As he yakked I studied him to see what 96 is like, since I'm thinking about going there myself and not stop along the way. All the folks who hang out in gyms ought to stop in at the Wonder's house and pay the two bucks and have a look. He'd tell them how much he loves cigars and Scotch, and that his only exercise was sex and carrying a suitcase. The irony is that when you're old you feast on your memories, and if you spend too much time on exercise you may not have too many.
He spoke of a con man named Titanic Thompson who in 1928 nailed the famous Arnold Rothstein in a rigged card game at the Park Central Hotel in New York, to the tune of three hundred grand.
Rothstein was the guy who put the "organised" in organised crime, and fixed the 1919 World Series. He was no novice. He realised he'd been snookered and refused to pay up, which was not sporting of him, so they shot him and on his deathbed he refused to rat on the killer. He told the cops, "My Mudder did it."
Meeting the old man, you're shaking the hand that shook hands with the man who knew the man who beat Arnold Rothstein at cards. There is a certain grandeur to that.
Grandeur - ruined grandeur - is what a 96-year-old has to offer. It's like coming across an old Zeppelin crashed in the jungle. The epitome of luxurious travel, a great silver blimp, and here it is in a swamp, enfolded in vines, but the old captain lives on in the grand salon. He won't be rescued.

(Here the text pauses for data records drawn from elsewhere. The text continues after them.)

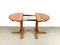 Danish Round Extendable Dining Table in Teak, 1980s 5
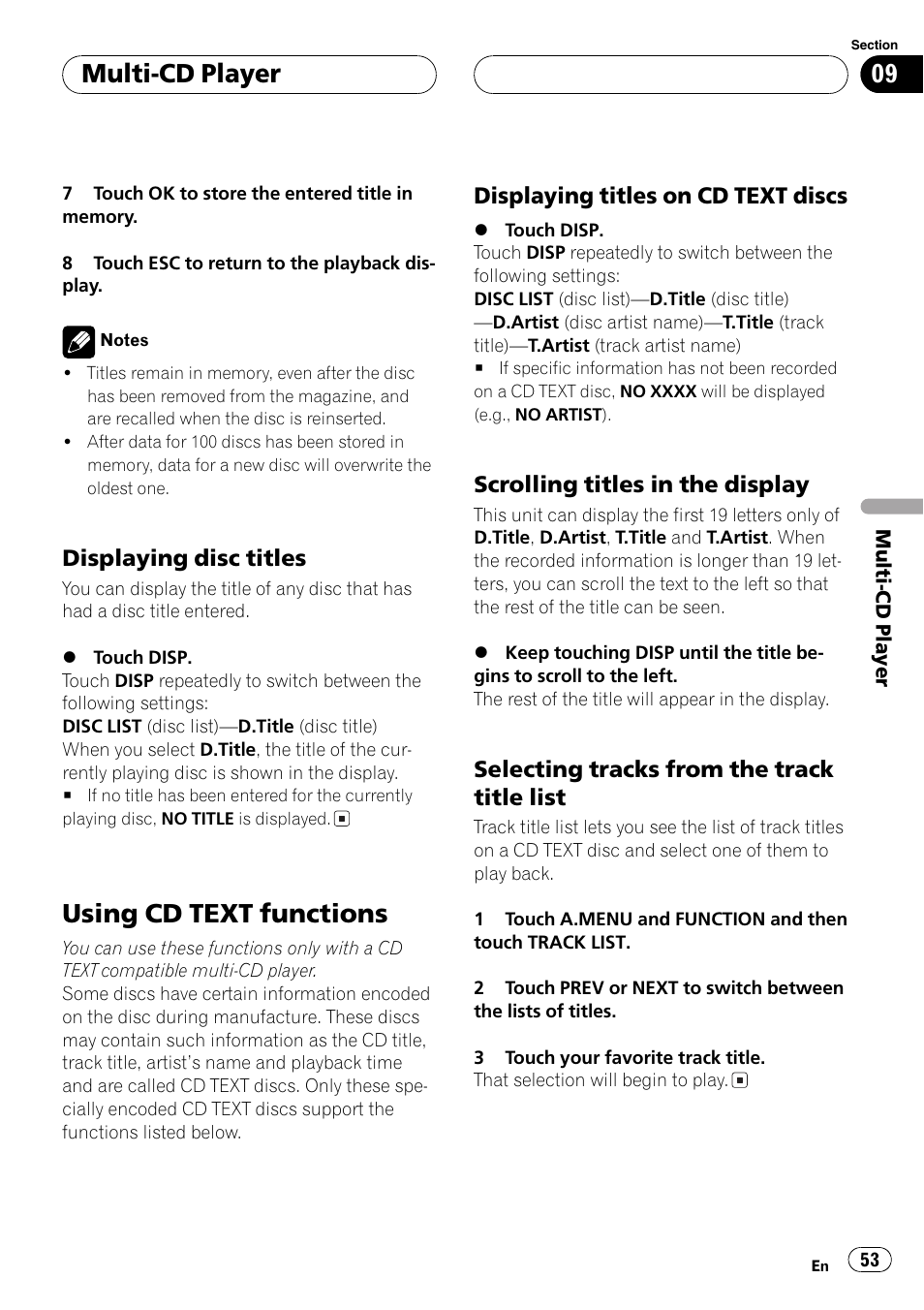 Using cd text functions 53, Using cd text functions, Multi-cd player | Displaying disc titles, Displaying titles on cd text discs, Scrolling titles in the display, Selecting tracks from the track title list | Pioneer AVX-P8DVD User Manual | Page 53 / 85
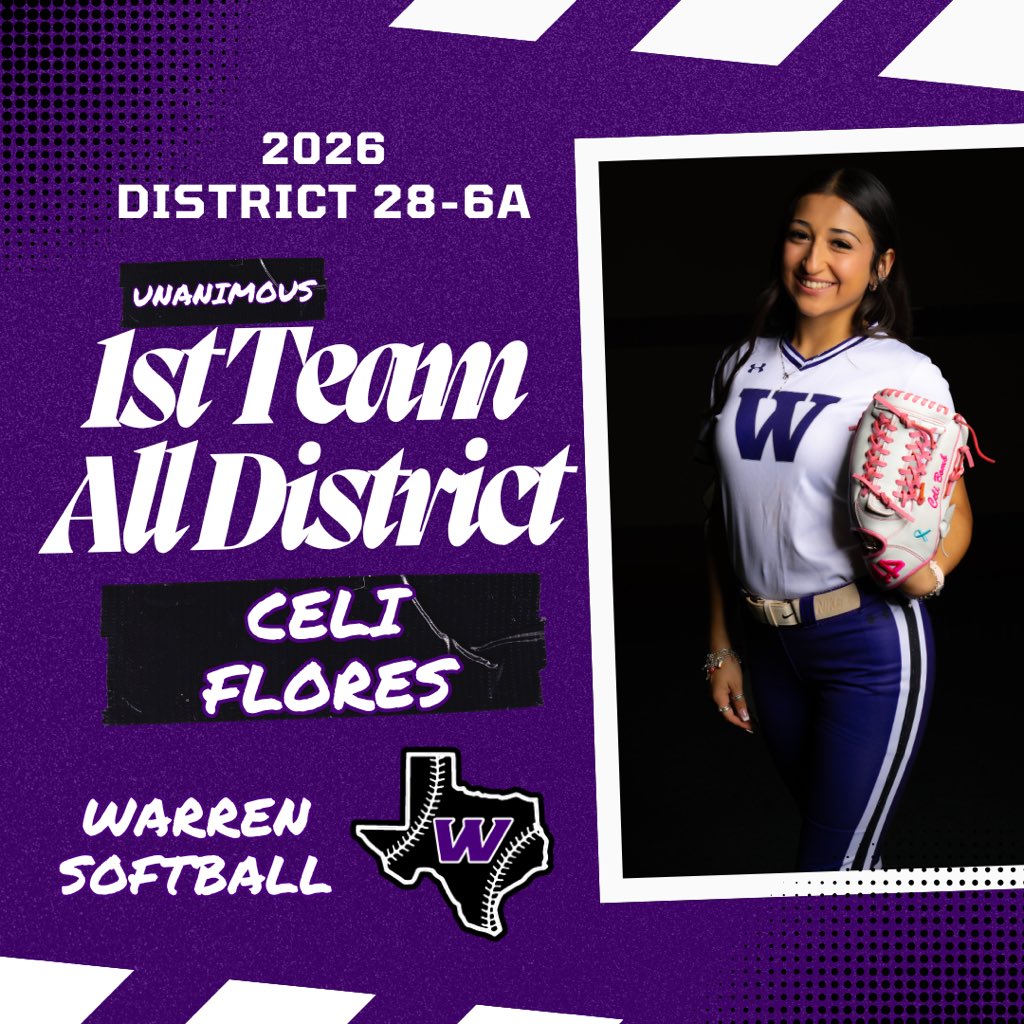 Warren_Softball's tweet photo. Congratulations to sophomore, Celi Flores, on her unanimous selection to the 28-6A 1st Team All District! Great job, we are so proud of you!! 💜🥎 https://t.co/49mxhjdBBU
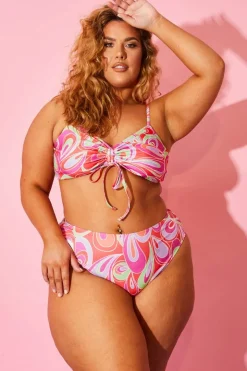 Abstract Print Bikini Top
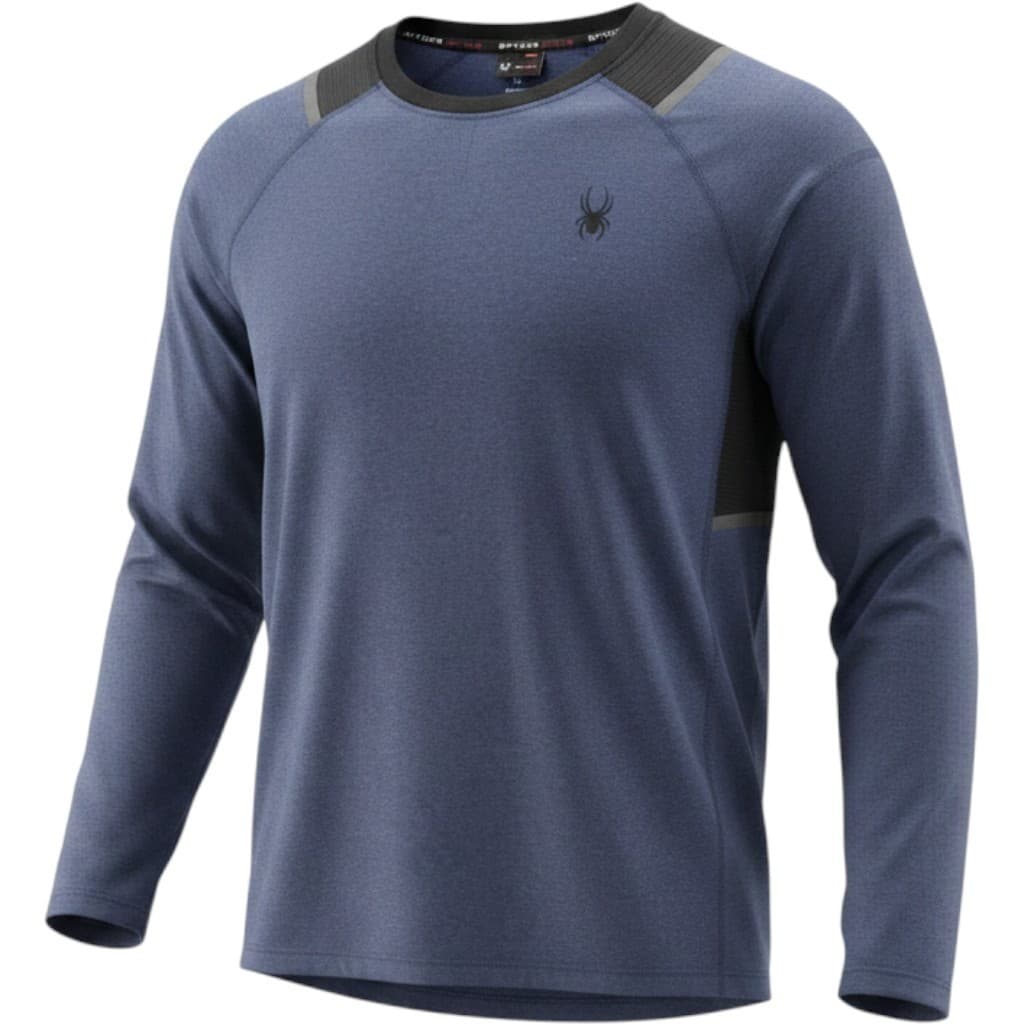 Spyder Active Shirt Mens Large Blue Black Long Sleeve Athletic Hiking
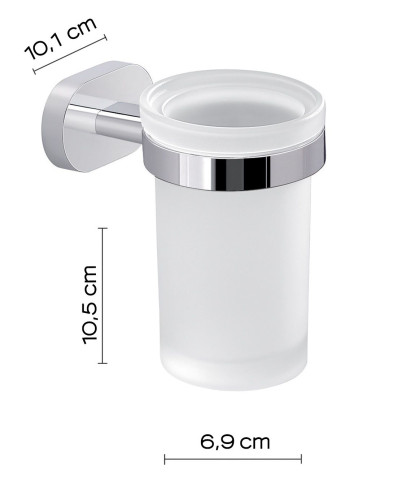 Gedy Bernina, настенный стеклянный стакан, цвет хром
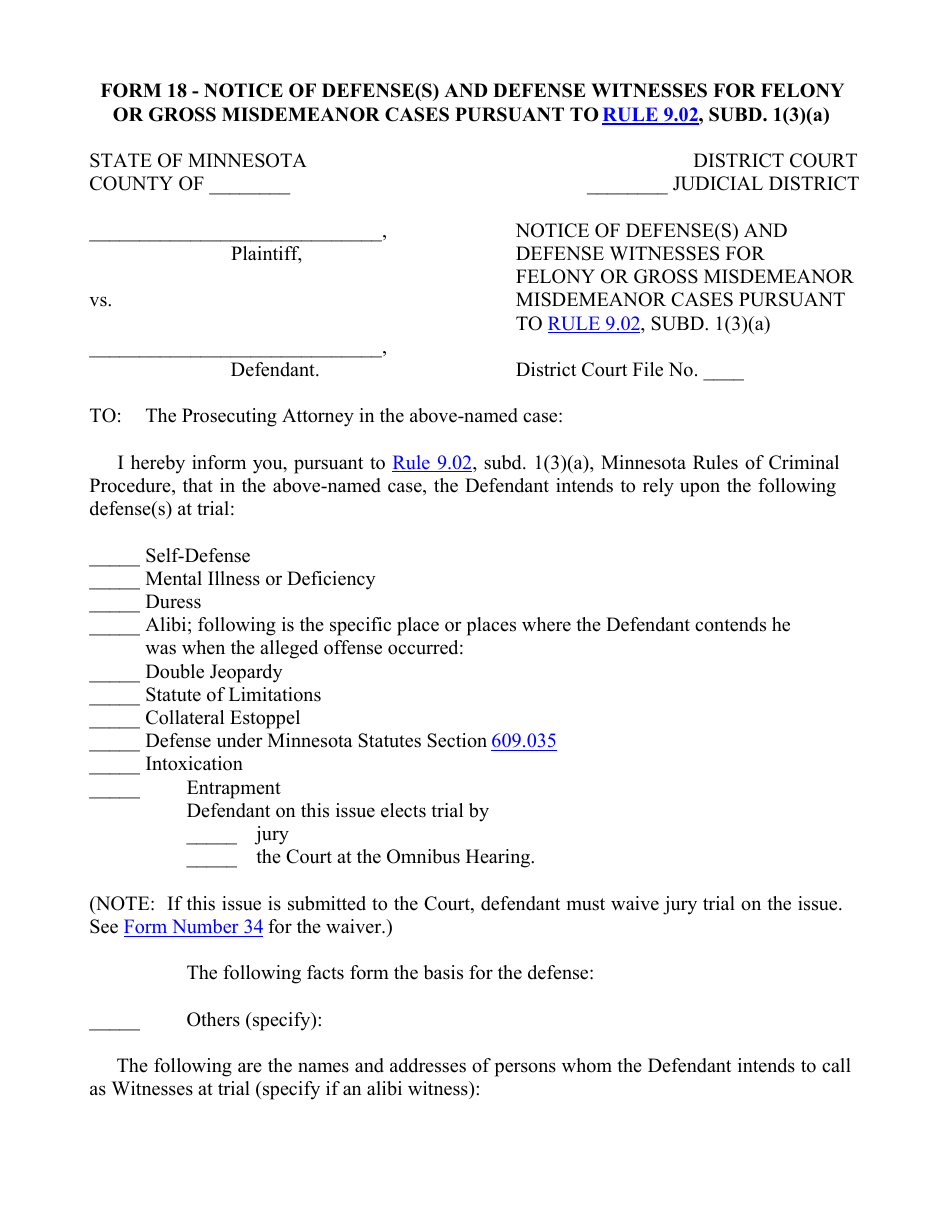 Form 18 Notice of Defense(S) and Defense Witnesses for Felony or Gross Misdemeanor Cases Pursuant to Rule 9.02, Subd. 1(3)(A) - Minnesota, Page 1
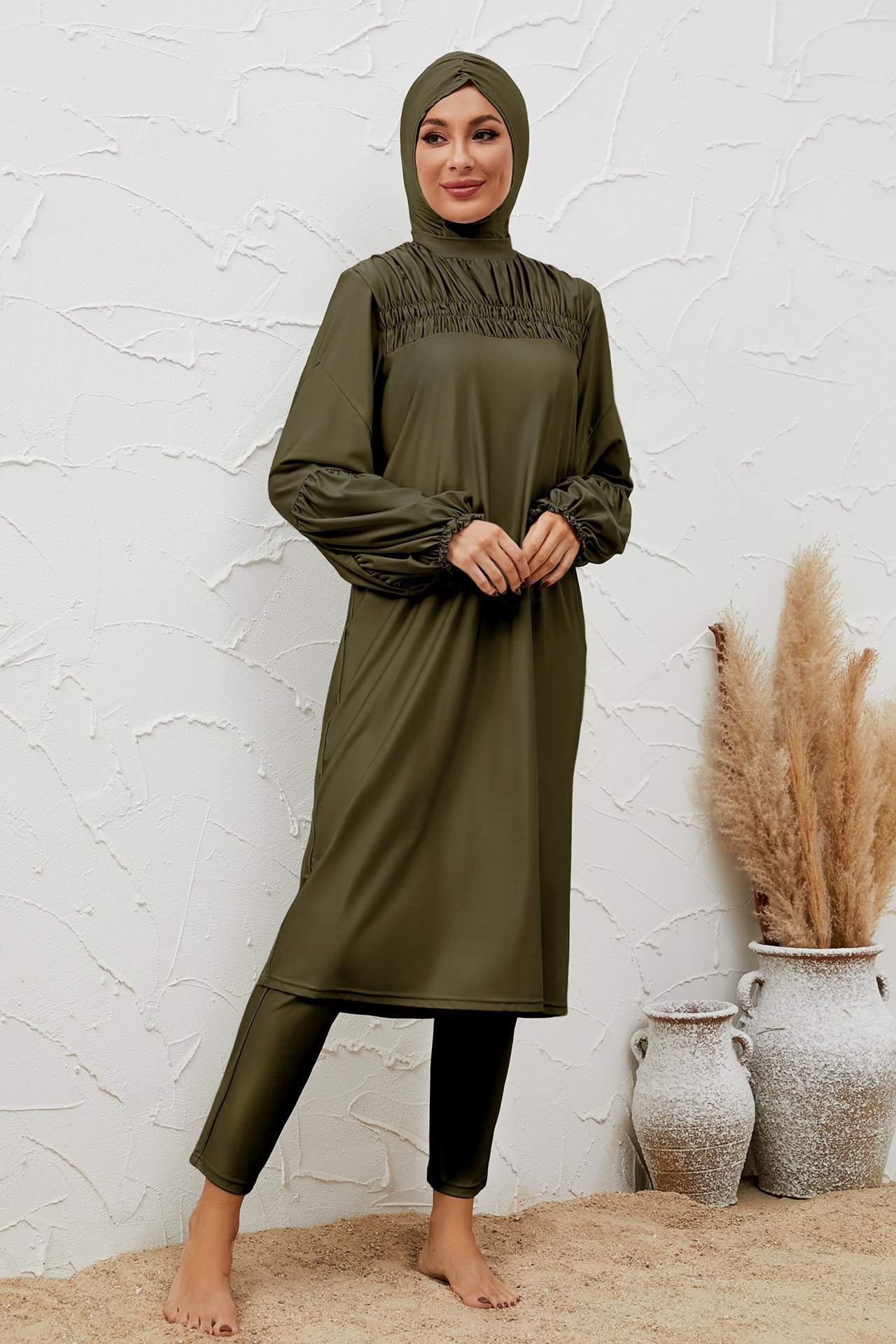 Olive Solid Burkini Swimsuit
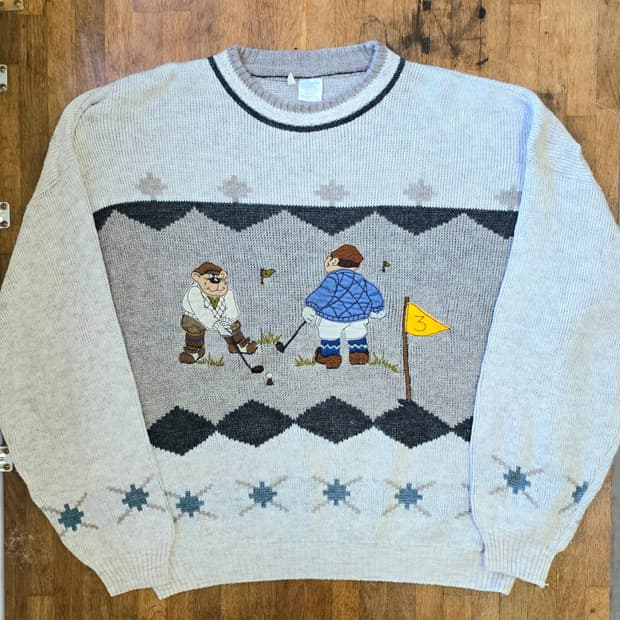 ITALY VINTAGE 이태리 빈티지 골프 자수 니트 XXL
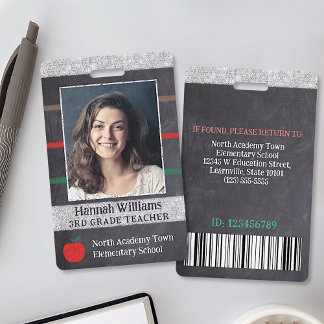Teacher School Employee Custom Photo Logo Bar Code Badge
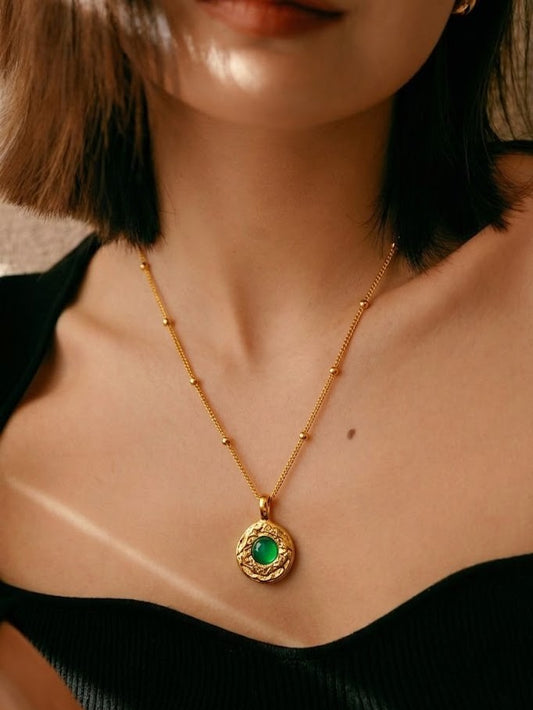 Green Onyx Medallion 92.5 Sterling Silver Charm Necklace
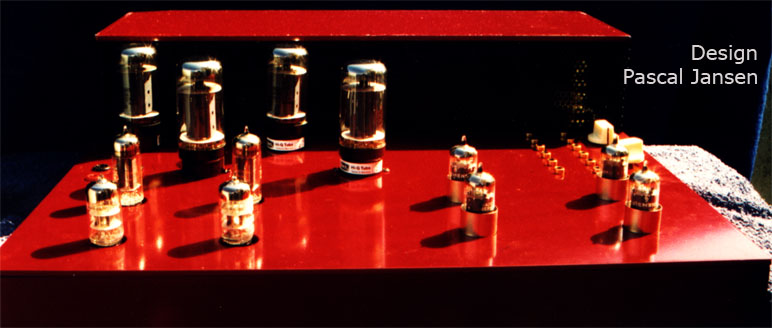 This is the image of a stereo williamson amplfier with integrated phono pre amp. The design of the chassis Pascal Jansen  in 1997. Technical realization Bert van der Kerk
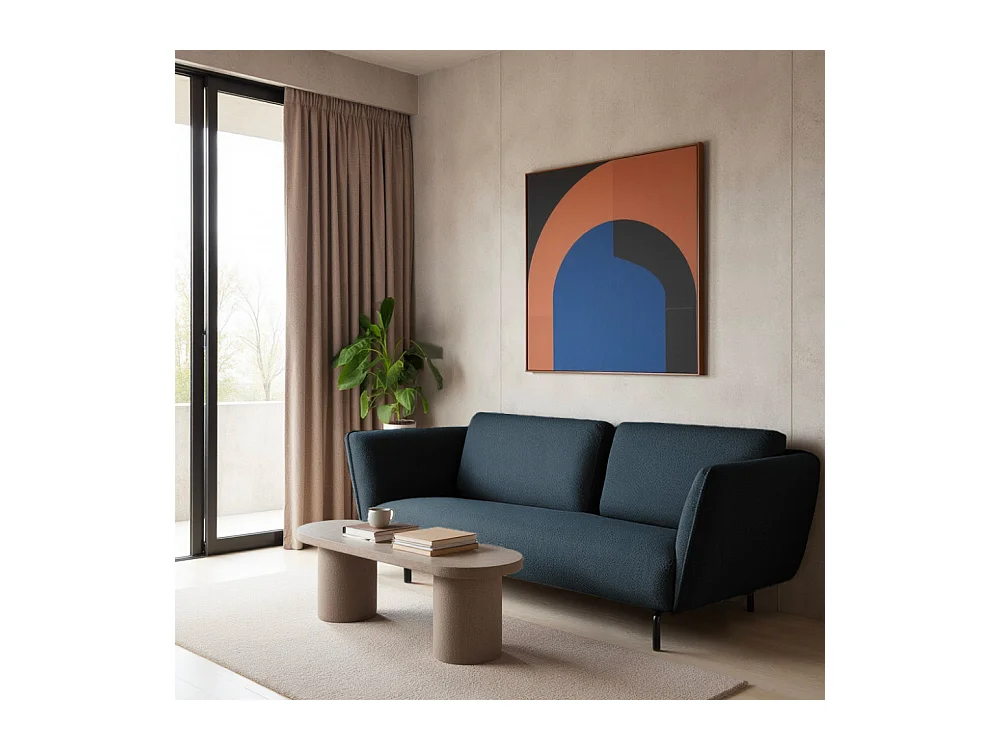 Melrose - Canapé 3 places en tissu bouclette - Bleu foncé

There's still a year's worth of canned beef and biscuits, and 50 bottles of a 1938 Margaux plus a case of Scotch and a hundred-year-old cognac. Call off the chopper, he is just fine and chooses to stay with his ship.
He totters to the door and bids farewell to the search party and gives his benediction:
"Every night when the sun goes down, I say a blessing on this town.Whether we last the night or no, life has always been touch and go. So stick with your modus operandi; Ingenuity! Guile! Art! Good luck. Good bye."